This summit was characterized by having a lot of situations, activities and products that emerged, beyond the agenda of the negotiation. There was a summit of presidents, as in other climate summits, where some agreements or some statements came up around certain issues that contribute to or complement the action under the legal framework of the Paris Agreement and the convention.

Declarations and agreements at the COP

These statements that were made had quite an impact because they touched on important issues, for example, the reduction of methane emissions associated with what is agriculture and some part of the energy sector; emissions of what has to do with forests, that is, curb deforestation by 2030; energy transition; fossil fuel financing, in particular coal; and sustainable mobility. That also drew a good chunk of the media and political attention from the first week in particular. These elements have gained relevance but are not strictly Glasgow’s negotiating agenda.

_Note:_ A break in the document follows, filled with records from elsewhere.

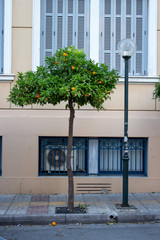 Citrus reticulata Mandarin orange tree on rthe street . Greece, Athens
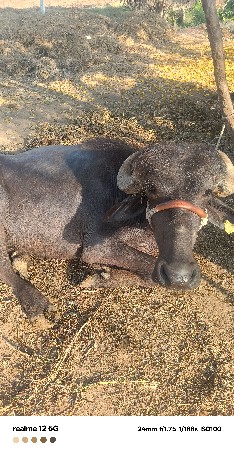 ખળલી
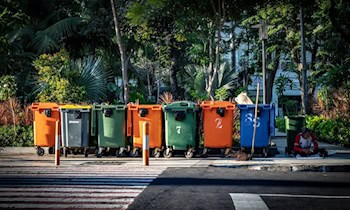 Mülltonnenbrand in Zwickau-Nordvorstadt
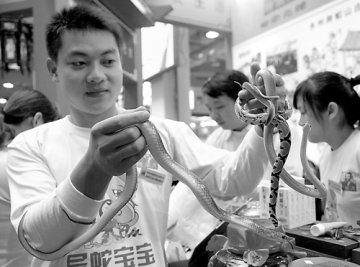 是药品还是保健品？武夷山蛇产品“自由”太久了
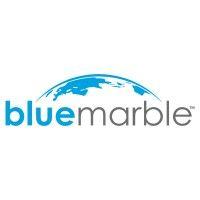 blue marble logo image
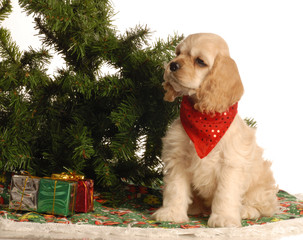 american cocker spaniel puppy sitting beside christmas tree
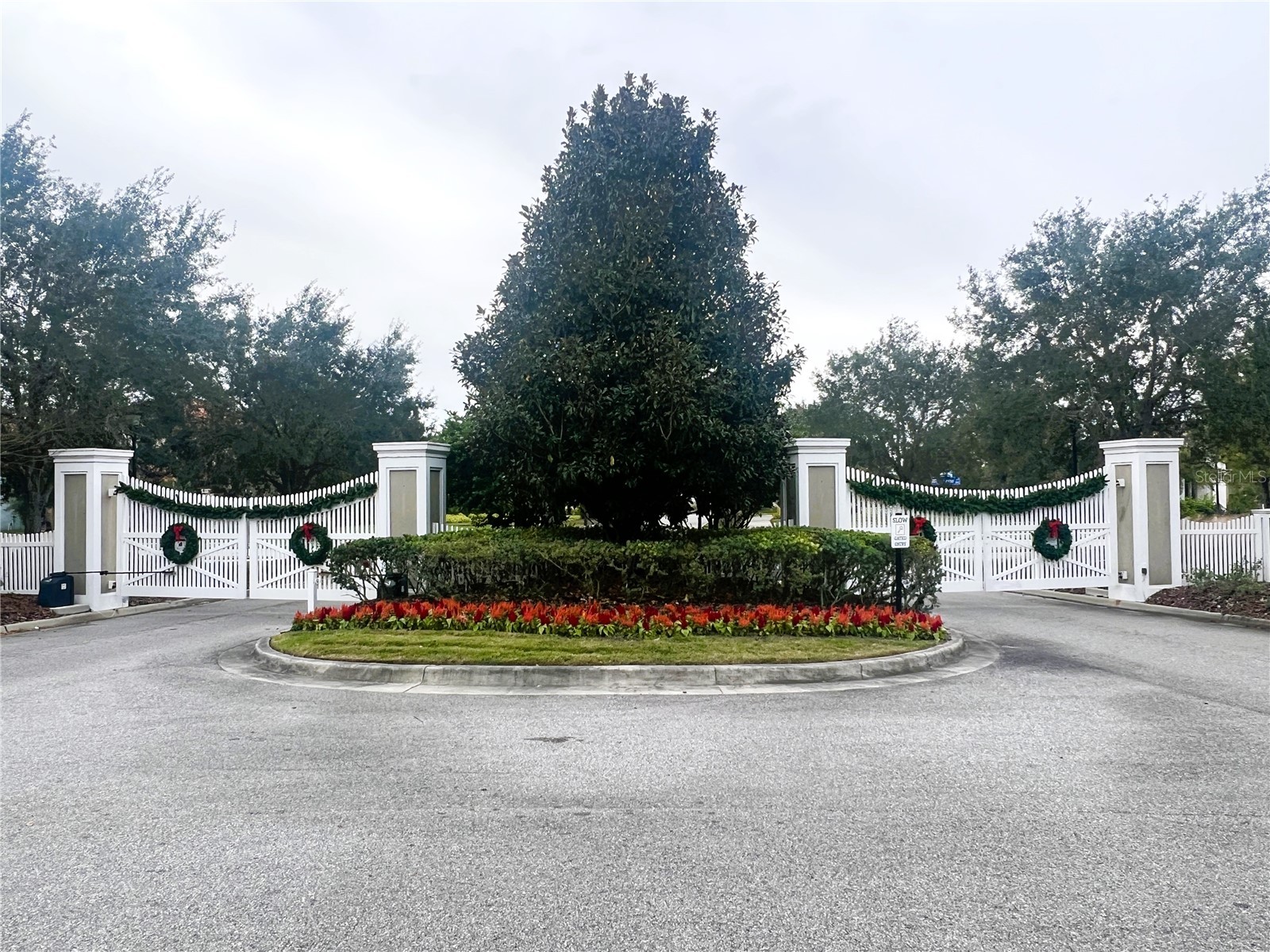 11822 Frost Aster Drive Riverview FL 33579 TB8462765 image36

The outstanding debts of the COP

However in this COP also there are things that have been relatively “loose”. For example, when we talk about these carbon markets, the famous Article 6 of the Paris Agreement, famous for what has been discussed at each of these summits, but when it comes to defining carbon markets, when it comes to talking about how markets can contribute It has not gone the way that at least society asked for it to go.

With not so many safeguards and with some loopholes that can be exploited by some governments and by some companies to take advantage without making a concrete or real emission reduction. But it does not mean that the entire market that is defined is wrong, it does not mean that some doors are being left open that could allow that.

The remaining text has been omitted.